Toen zij samen met de Profeet (vrede zij met hem) de Hadj aan het verrichten was, brak haar menstruatieperiode aan terwijl ze een plek naderde nabij Mekka, genaamd Sarief. De Profeet kwam bij haar binnen en trof haar huilend aan. Hij (vrede zij met hem) vroeg haar toen: “Ben je menstruerende?” Zij antwoordde: “Ja, O Boodschapper van Allah.” Hij (vrede zij met hem) zei toen: “Dit is in een zaak die Allah heeft voorgeschreven voor dochters van Adam (de vrouwen). Verricht daarom hetzelfde als de andere bedevaartgangers, behalve het gebed en de Tawaaf.”
(al-Boekhaarie)
En hieruit kunnen we opmaken dat de Profeet haar niet heeft verboden om de meest Heilige Moskee te betreden (Masdjid ul-Haraam), maar haar slechts heeft verboden om het gebed en de rondgang om het Heilige Huis te verrichten. Hierin zit dus het bewijs dat de Profeet haar heeft toegestaan om de Heilige Moskee te betreden. Alleen het gebed en de Tawaaf werden haar verboden.

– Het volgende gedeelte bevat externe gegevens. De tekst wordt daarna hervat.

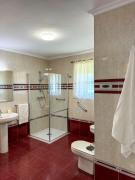 Casa rural Mies de Sabrés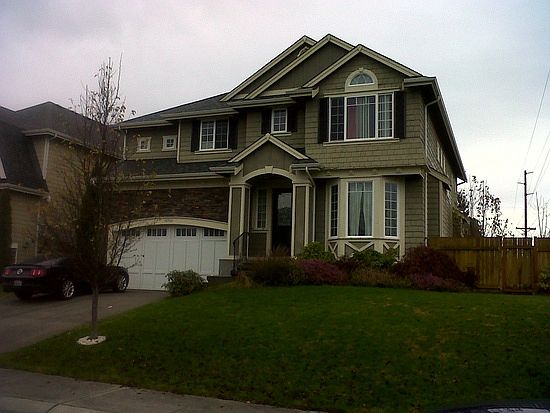 2nd image of 10303 91st Street Ct SW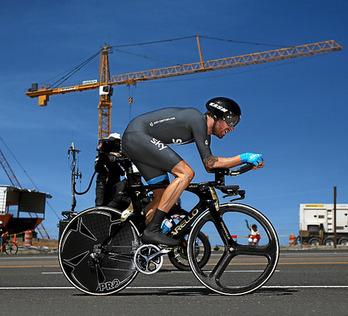 gara-2014-05-14-Noticia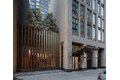 Additional image 19 of 312 W 43rd St Apt 6C, Manhattan, NY, 10036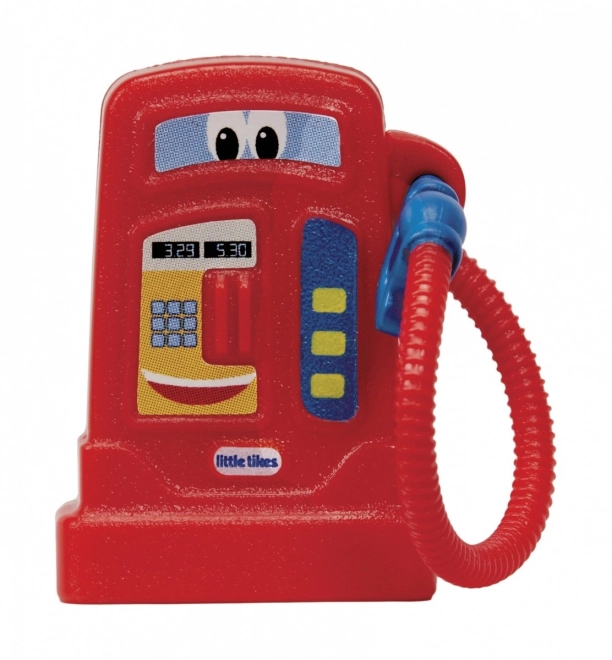 Little Tikes Flashback Minis Überraschungsball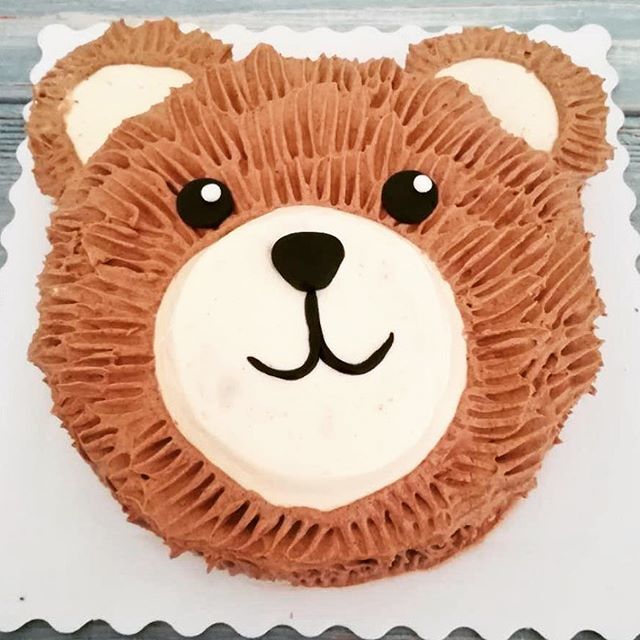 KungfuReading's tweet image. 🌟🎂 Special Order: Chinese Birthday Cakes — various designs, just give us 3 days notice of the big day! 🎉
.
#dishoftheday #chinesefood #kungfukitchen #rdguk #kungfureading #birthdaycake #backtoschool #youdidntseethatcoming 🌶 ift.tt/2ZLFZVu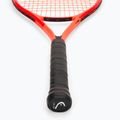 HEAD Radical Jr 25 gyermek teniszütő 3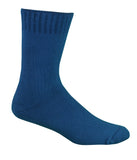 Bamboo Xtr-Thk Work Socks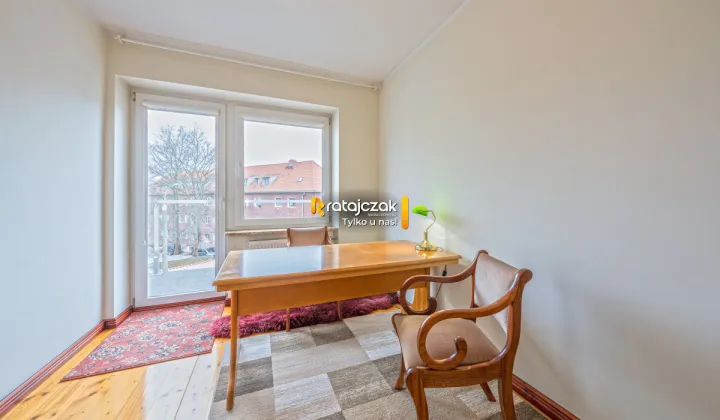 Lokal Gdańsk Aniołki
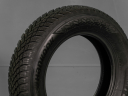 165/70 R14 85T NOVÉ ZIMNÍ PNEUMATIKY HANKOOK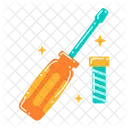 Screwdriver  Icon
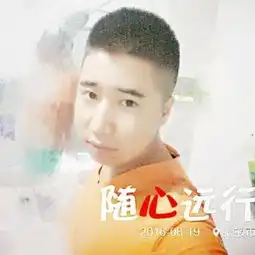单身可撩的交友主页,男,23岁,未婚,工作在甘肃张掖张掖相亲交友
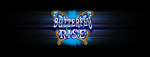Play Vegas-style slots at Quil Ceda Creek Casino like the exciting Butterfly Rise video gaming machine!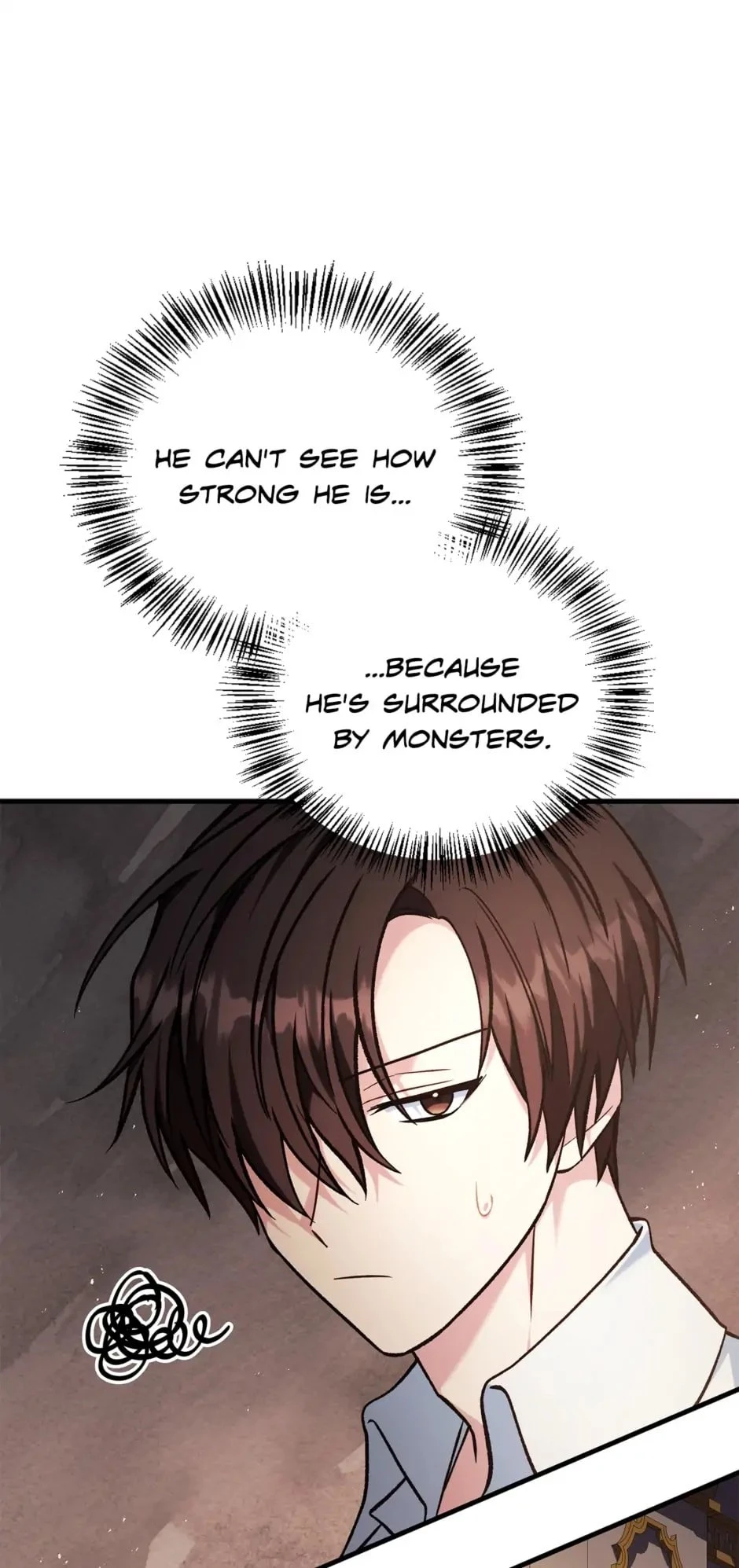 How to Use a Returner Chapter 86 - 75
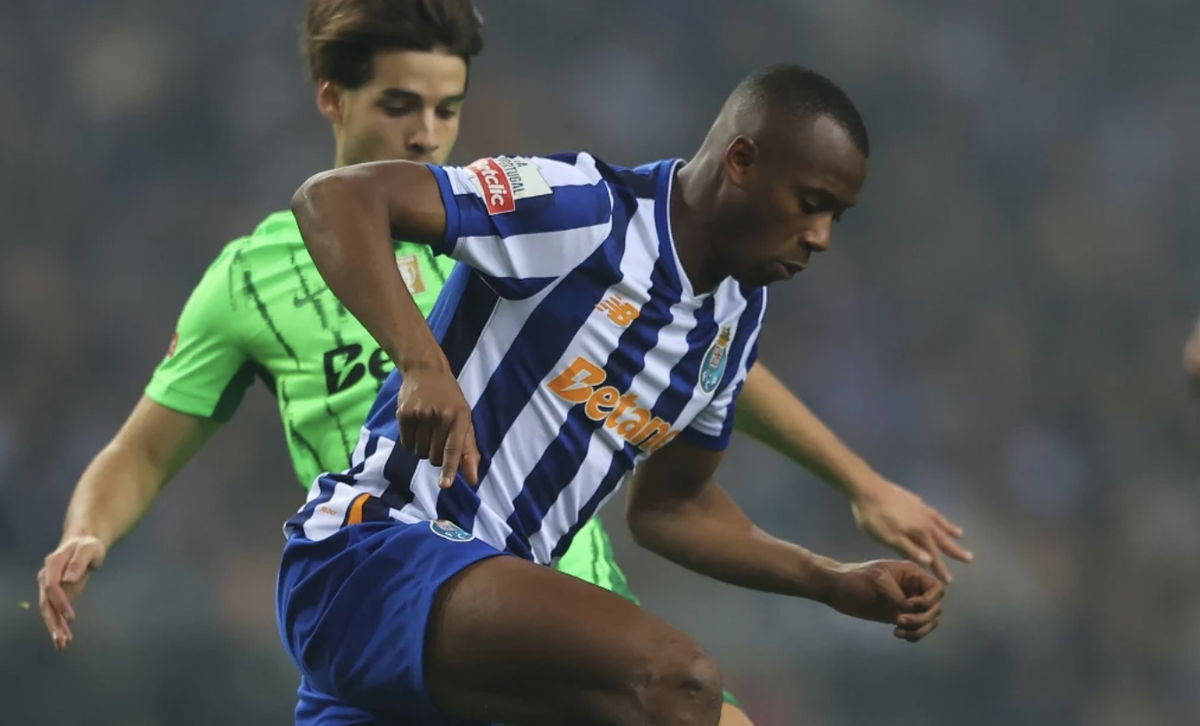 Djalò: “La Roma è un’ottima squadra, verrà per vincere” article-post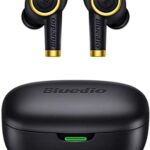 Wireless Earbuds Sports In-ear Headphones
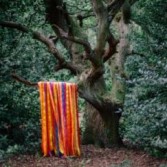 In attesa dell'immagine del prodotto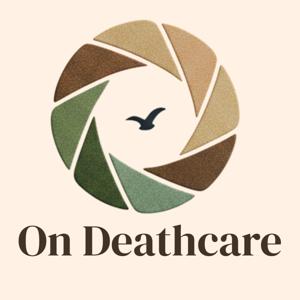 On Deathcare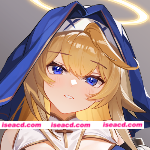 图片[2]-【三消SLG/中文/步兵】Hot And Lovely ：Dream 官方中文步兵版【500M/新作/CV】-嘤嘤怪之家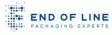 EOL Packaging Experts GmbH logo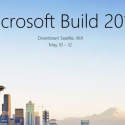 Microsoft Build 2017: Novedades del segundo día del evento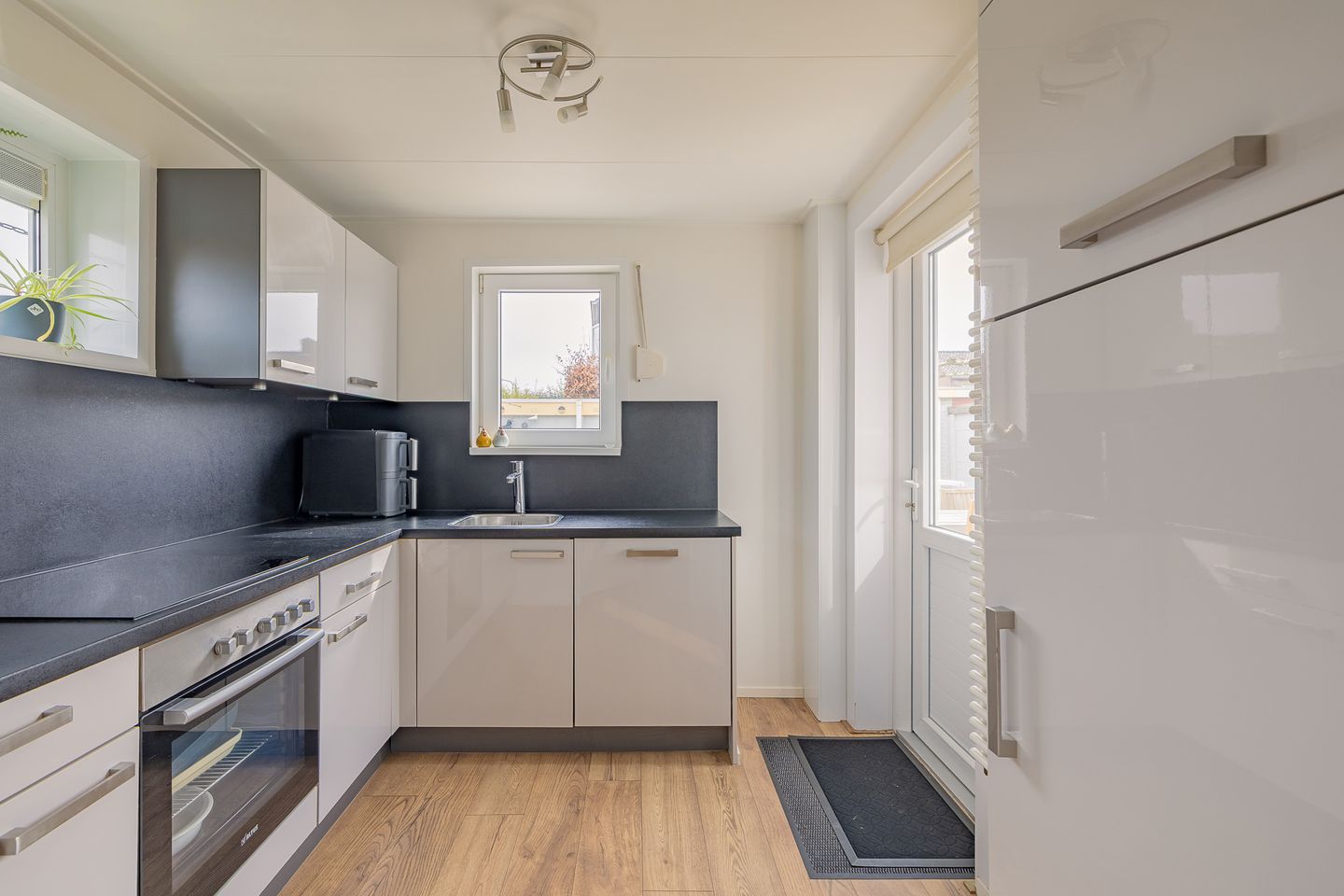 Foto 19 van Keetenstraat 17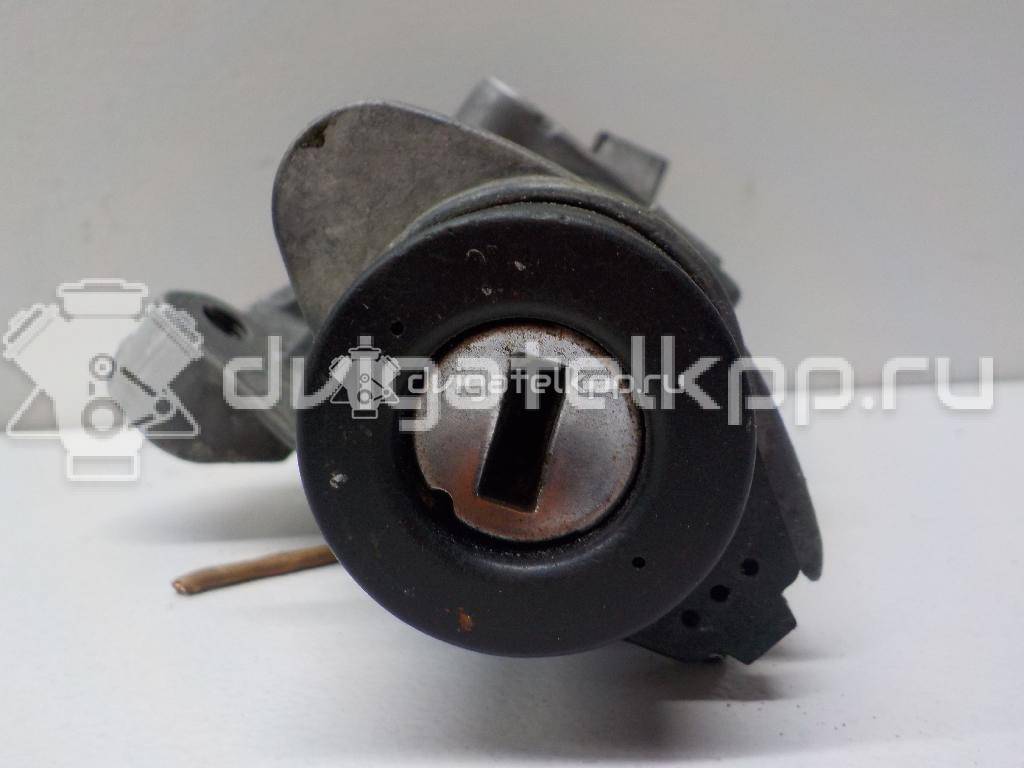 Фото Замок зажигания  4B0905851B для vw Golf IV/Bora {forloop.counter}}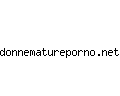 donnematureporno.net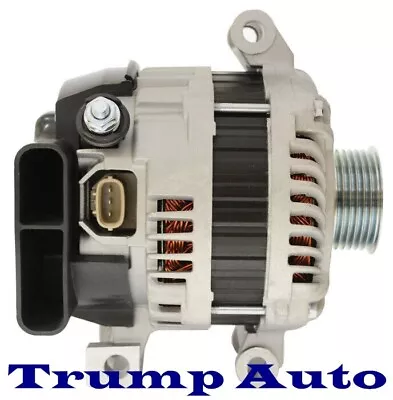 Alternator For Ford Escape ZC ZD Engine L3 2.3L Petrol 06-12 • $290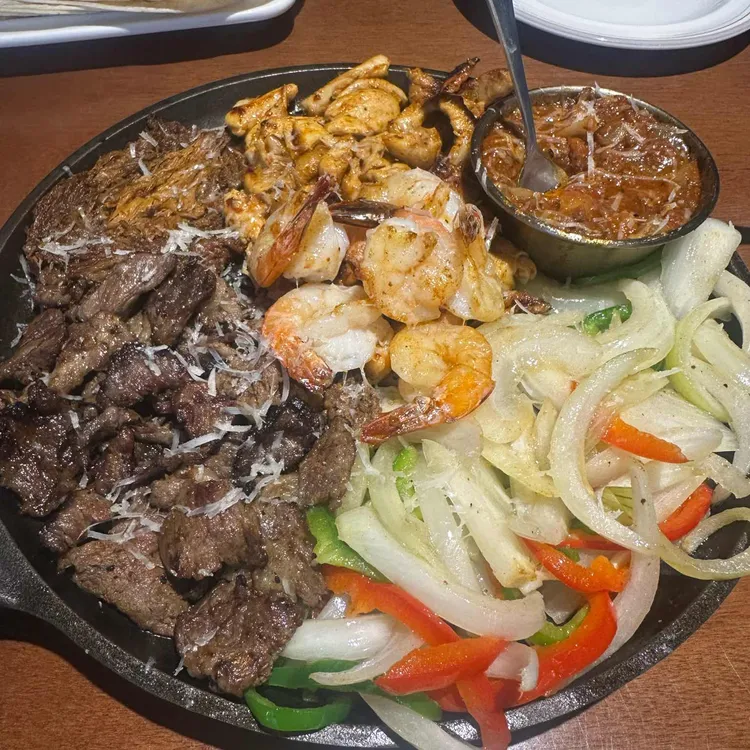 하바네로 사진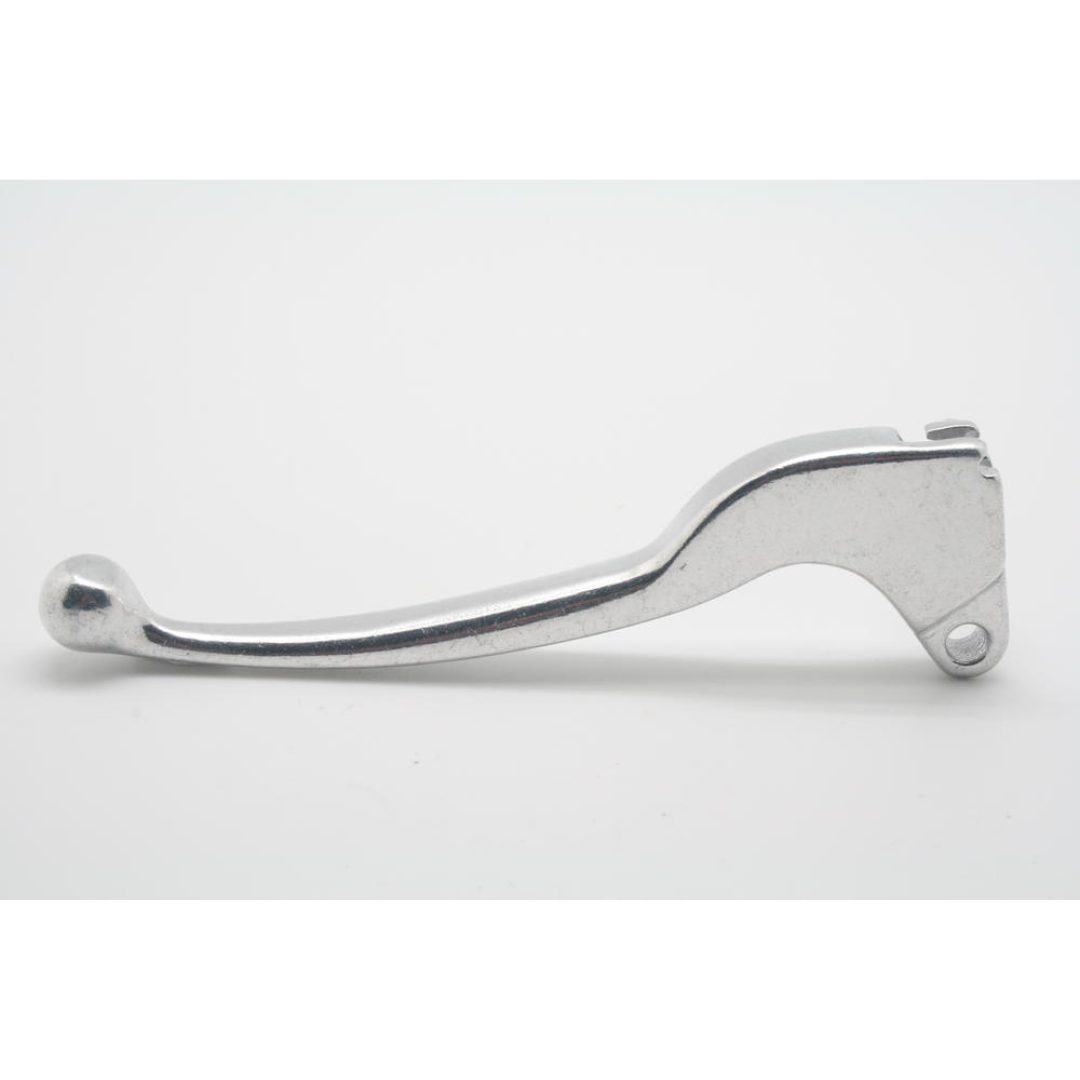 Bromshandtag Standard PARTS EUROPE Silver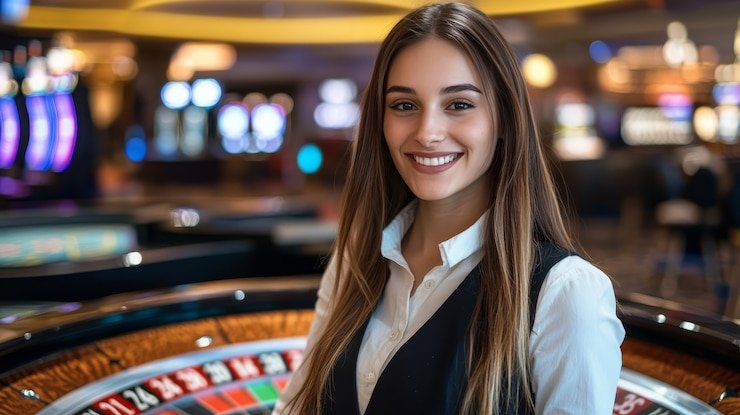 Proses verifikasi akun di cendana slot dengan dokumen keamanan dan enkripsi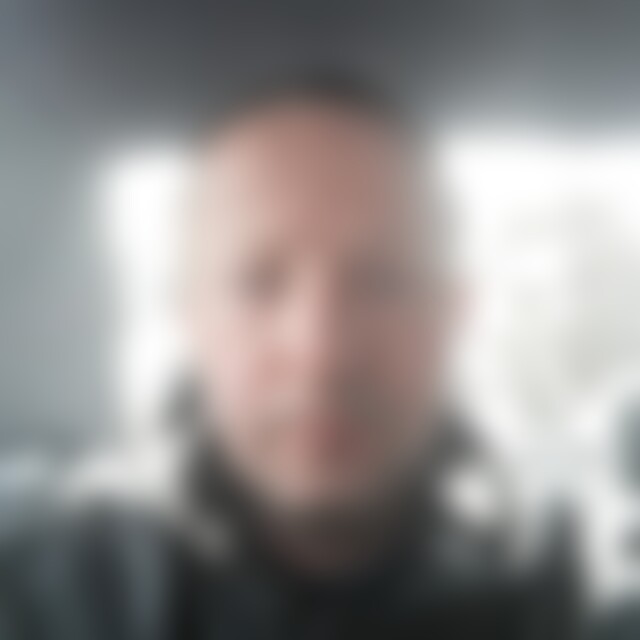 Ron42 (53) aus Mannheim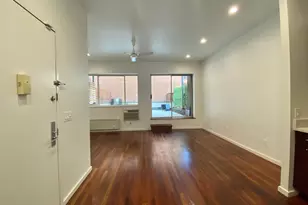 111 Ave C, New York City, NY 10009 - Photo 12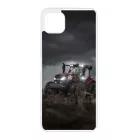 Nincs megallas Traktoros  Samsung Galaxy A22 5G tok
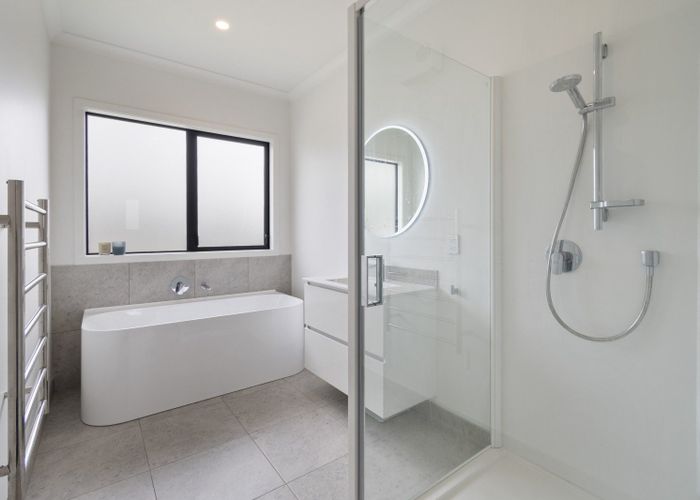  at 18 Atlantic Drive, Fitzherbert, Palmerston North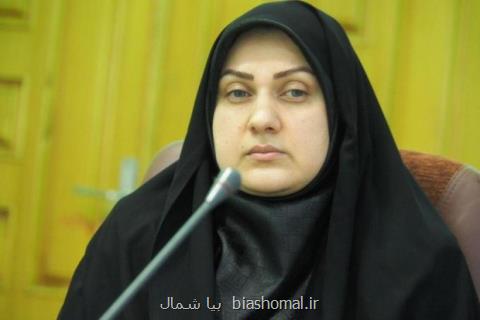 اسوه های استقامت فراموش نشوند، برگزاری جشنواره صبر و مقاومت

Dit is het bewijs dat het voor een vrouw is toegestaan om welke moskee dan ook binnen te betreden wanneer zij menstruerende is. De Profeet had het cAa’ishah namelijk toegestaan om de Heilige Moskee binnen te gaan, terwijl zij menstruerende was. En hij heeft haar enkel verboden om het gebed en de Tawaaf te verrichten. Als dit geldt voor de Heilige Moskee, laat staan voor alle andere moskeeën.
En in een andere overlevering wordt vermeld dat cAa’ishah zei: “De Profeet (vrede zij met hem) zei op een dag tegen mij:“Haal voor mij een gebedskleed uit de moskee.” Zij zei toen: “O Boodschapper van Allah, ik ben menstruerende.” Hij (vrede zij met hem) zei toen: “Jouw menstruatie kleeft niet aan jouw handen.”
(Moeslim)
In deze overlevering betekent menstruatie het menstruatiebloed. Er is geen twijfel over het feit dat menstruatiebloed onrein is. Maar de vrouw die menstrueert, is zelf niet onrein. Het is namelijk niet zo dat wanneer een onreinheid afkomstig is van een persoon (wie dan ook), dat deze persoon zelf onrein is.
Het is dus toegestaan voor de menstruerende vrouwen om zittingen van kennis bij te wonen, ook al vinden deze plaats in één van de Huizen van Allah. Dit is de juiste manier om dit oordeel te vellen, onderbouwd met deze twee authentieke overleveringen. Bovendien is er sprake van de bekende stelregel onder de geleerden, die luidt dat alle zaken van oorsprong zijn toegestaan. Dit betekent dus dat men zich aan dit basisprincipe houdt tot het tegendeel bewezen wordt. En voeg hieraan toe dat dit principe ook nog eens wordt ondersteunt door de bewijzen.
Sheikh Mohammed Naasir ud-Dien al-Albaanie (Silsilat ul-Hoedaa wan-Noer, tape 623)
[1]Moestahaadah is een vrouw die te kampen heeft met Istihaadhah (vaginale bloeding met soms een korte tussenpoos van één á twee dagen).